Members of the Broadway community are pushing for change in the industry amid a national reckoning on racial inequality.
Last week, several Black members of the theater community posted statements and videos on social media, while others created their own groups to support Black members of the theater community and larger reform within the industry. These actions came after a large number of Broadway productions and theater companies had issued statements in support of Black Lives Matter, in a move seen as a start but not enough to address the larger issue.
Some institutions have gone beyond their statements, with “Tina,” for example, hosting a company-wide “truth” meeting for Black company members to air any grievances and asking other shows to do the same. Others have donated, including “Slave Play” which donated $10,000 to the National Bailout Fund while issuing a challenge to other shows, and “What the Constitution Means to Me” donating $6,000 to the NAACP Legal Defense Fund. Still, many are looking for shows and industry members to take more concrete actions toward reform.
The Broadway League, which issued a statement in support of Black Lives Matter, said in a statement to Broadway News that the League plans to take further “meaningful action” on the issue.

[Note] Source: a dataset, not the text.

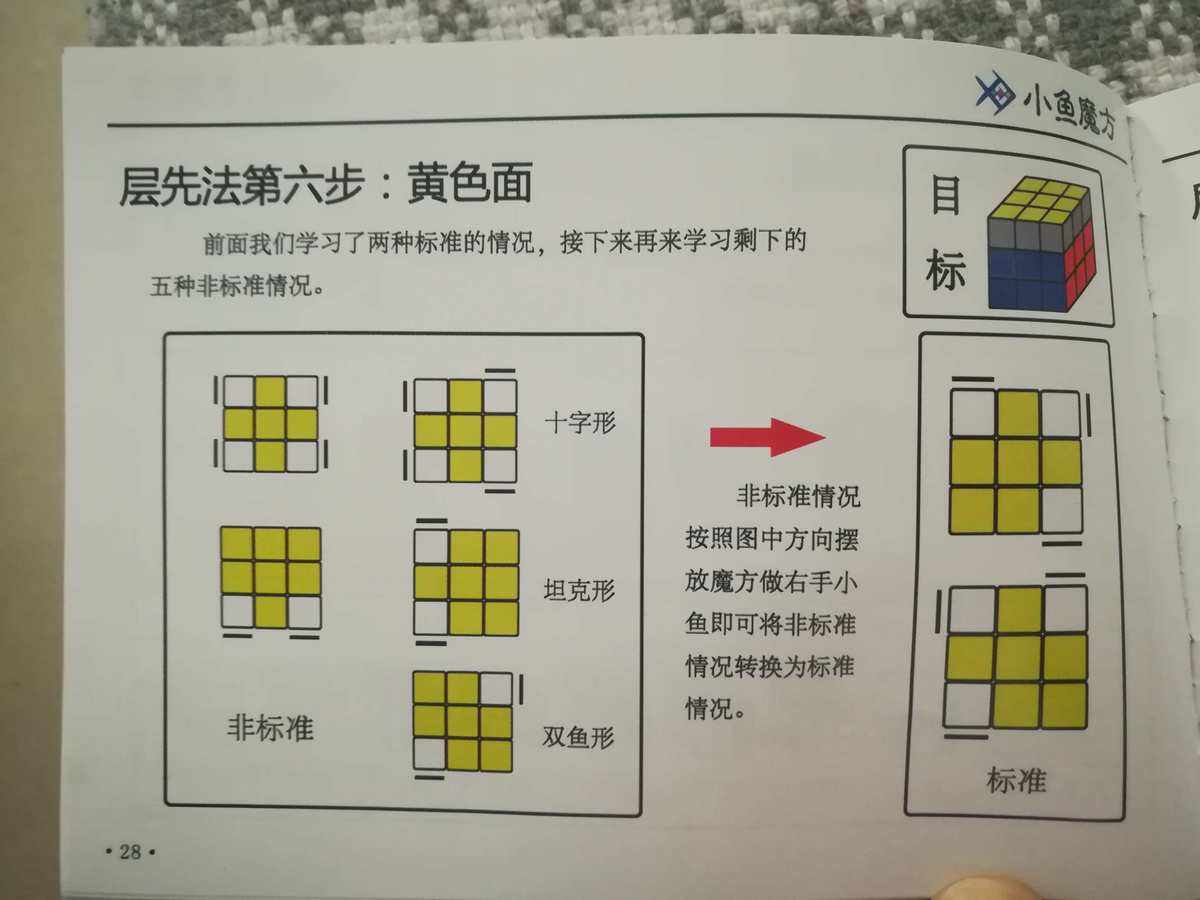 如何玩魔方二阶以及如何玩魔方的情况分析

“The members of the Broadway League are committed to taking meaningful action to address the concerns of our friends and colleagues in the Broadway community and beyond who are calling for change at this crucial moment in our society,” the statement reads. “We recognize that we need to first listen, and to be willing to have difficult conversations. Our members have been meeting with their casts, companies, and other members of the theatre community, listening to needs and concerns in order to set out a pathway forward. We welcome future dialogue with the emerging groups who have raised their voices as we all work towards lasting change.”
After issuing a statement of solidarity, Actors’ Equity held a meeting with its Equal Opportunity Committee, which discussed recommendations for additional contract language for its Black members, as well as additional support, according to a spokesperson for Equity.

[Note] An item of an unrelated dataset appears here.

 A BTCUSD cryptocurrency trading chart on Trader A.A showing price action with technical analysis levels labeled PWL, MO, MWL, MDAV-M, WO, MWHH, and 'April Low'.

Cody Renard Richard, a veteran stage manager, was one of the members who posted on social media last week, speaking about numerous incidents of racism he has faced in the industry and calling on the community to do better. His post was joined by many others, including posts and videos from director and actor Schele Williams, actor Mykal Kilgore and actor and writer Griffin Matthews.
Amid these calls for change, Richard said the initial statements from major Broadway institutions held some weight, but that many felt reactionary, and were posted hours or days after calls for support of George Flloyd and the Black Lives Matter movement.
“It felt like most theaters, most shows, most producers responded to us calling them out and saying ‘why aren’t you standing with us?’ ” Richard said. “It felt a little bit like you’re showing up now because we had to call you.”
The statements also bristle as Broadway remains a majority-white industry. The most recent report from the Asian American Performers Coalition found that within the 2016-2017 season, 95% of all shows were written by white playwrights and directed by white directors. That season 29% of all roles went to minority actors, with 18.6% going to Black performers.
In addition to a lack of representation, as Asmeret Ghebremichael, Richard and others have detailed, the industry has not always been welcoming to people of color.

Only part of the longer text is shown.